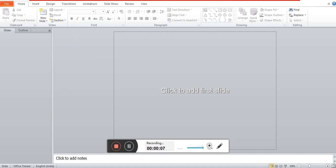Hello students, in this video we will see how to create PowerPoint presentation.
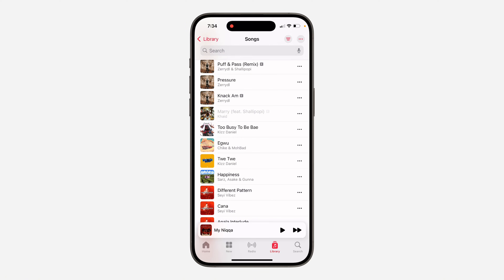It is very easy. What happens most of the time is that the artist deletes the song and re-uploads another one.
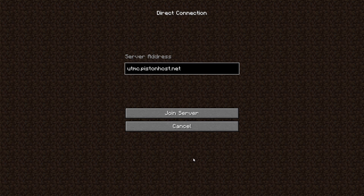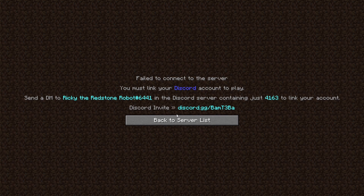Hello, welcome to my first episode of Minecraft adventure on the University of Toronto Minecraft server. Today we will start up by joining the server for the first time. Seems like we need to link our account with Discord, so I will set that up.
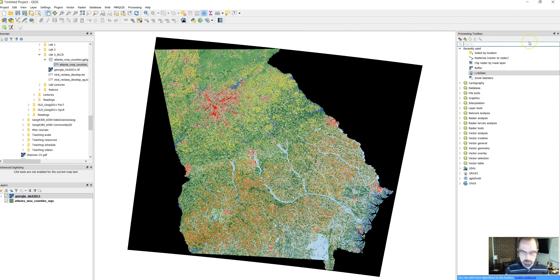It already knows what raster image you want because it's the only one you currently have on your map. The nlcd is your input raster layer. Then for the file with the rules, click on the develop ag rules that we got. We could also just copy and paste those rules here. We're going to save it as a temporary file for now and click on run.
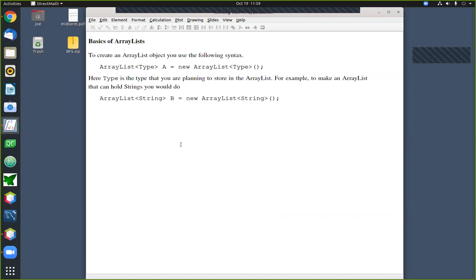You'll find ArrayList in the package java.util. When you're ready to use one in your program, you'll write: import java.util.ArrayList. An ArrayList is basically a fancier and more capable replacement for the Java array concept. Arrays are extremely useful for storing large lists of data, but there are limitations that motivate us to want something better than the standard array.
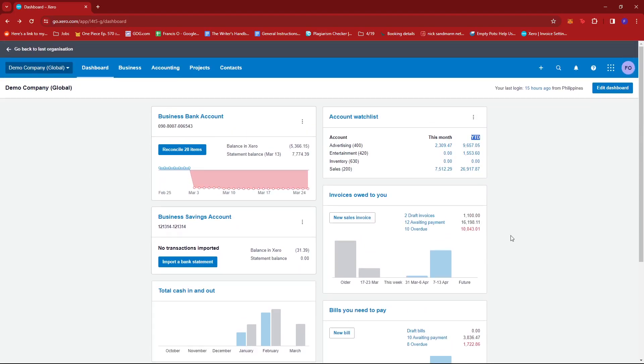Now in here, you'll actually be able to see already your monthly sales.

> About this task: Pictures aside, reproduce all of the material above without alteration.

> Solution to this exercise:
Hello students, in this video we will see how to create PowerPoint presentation.
It is very easy. What happens most of the time is that the artist deletes the song and re-uploads another one.
Hello, welcome to my first episode of Minecraft adventure on the University of Toronto Minecraft server. Today we will start up by joining the server for the first time. Seems like we need to link our account with Discord, so I will set that up.
It already knows what raster image you want because it's the only one you currently have on your map. The nlcd is your input raster layer. Then for the file with the rules, click on the develop ag rules that we got. We could also just copy and paste those rules here. We're going to save it as a temporary file for now and click on run.
You'll find ArrayList in the package java.util. When you're ready to use one in your program, you'll write: import java.util.ArrayList. An ArrayList is basically a fancier and more capable replacement for the Java array concept. Arrays are extremely useful for storing large lists of data, but there are limitations that motivate us to want something better than the standard array.
Now in here, you'll actually be able to see already your monthly sales.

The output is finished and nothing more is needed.